To me, the explanation for the appearance of div, grad and curl in physical equations is in their invariance properties.
Physics undergrads are taught (aren't they?) Galileo's principle that physical laws should be invariant under inertial coordinate changes. So take a first-order differential operator $D$, mapping 3-vector fields to 3-vector fields. If it's to appear in any general physical equation, it must commute with with translations (and therefore have constant coefficients) and also with rotations. Just by considering rotations about the 3 coordinate axes, you can then check that $D$ is a multiple of curl.

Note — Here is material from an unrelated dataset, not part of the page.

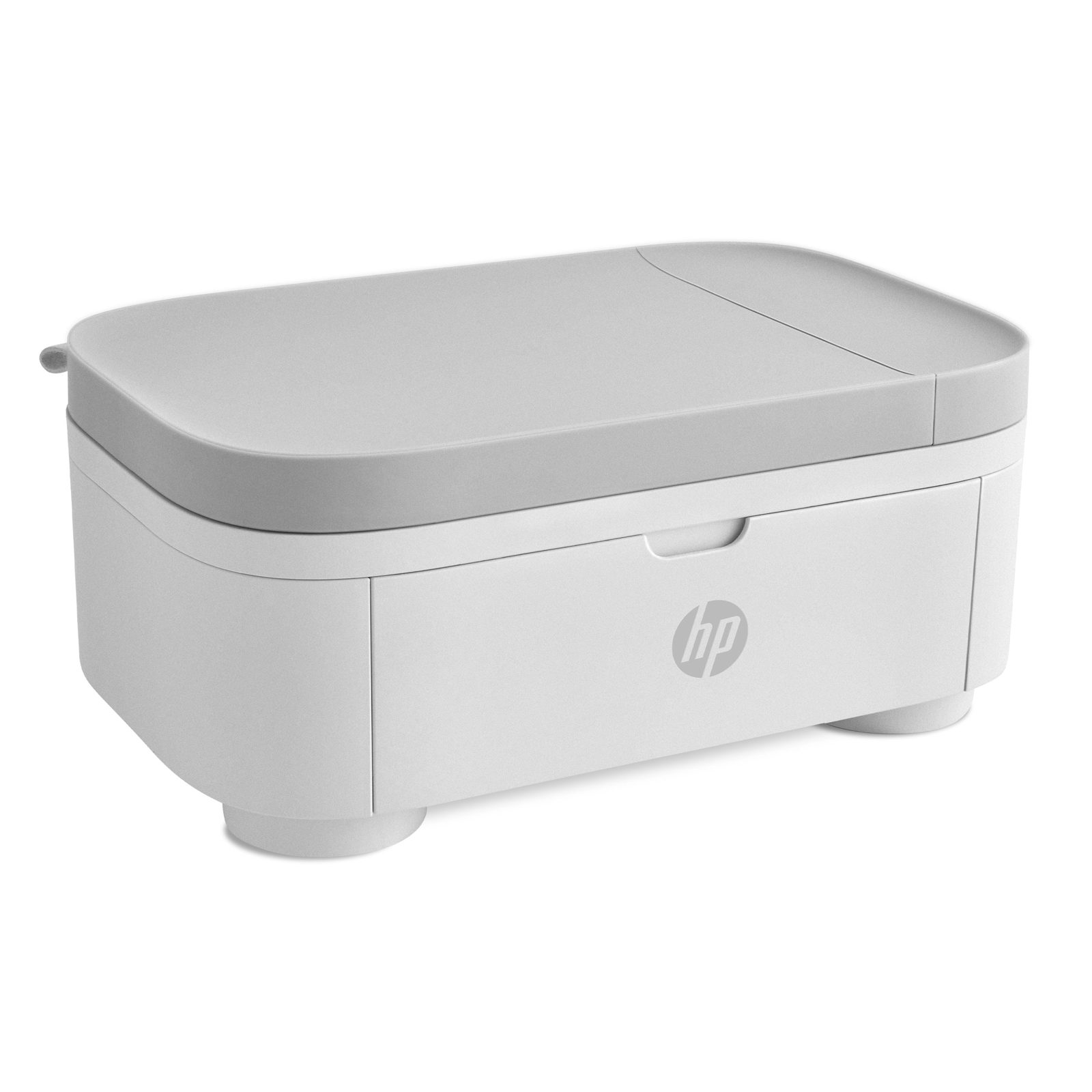 HP Sprocket Studio Plus, Färg-sublimeringsskrivare, 300 x 300 DPI, 4 x 6 (10x15 cm), Kantfri utskrift, Wi-Fi, Bluetooth, bild 5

If I want to devise a "physical" operator which has the same invariance property - and therefore equals curl, up to a factor - I'd try something like "the mean angular velocity of particles uniformly distributed on a very small sphere centred at $\mathbf{x}$, as they are carried along by the vector field." (This is manifestly invariant, but not manifestly a differential operator!)
[Here I should admit that, having occasionally tried, I've never convinced more than a fraction of a calculus class that it's possible to understand something in terms of the properties it satisfies rather than in terms of a formula. That's unsurprising, perhaps: it's not an obvious idea, and it's entirely absent from the standard textbooks.]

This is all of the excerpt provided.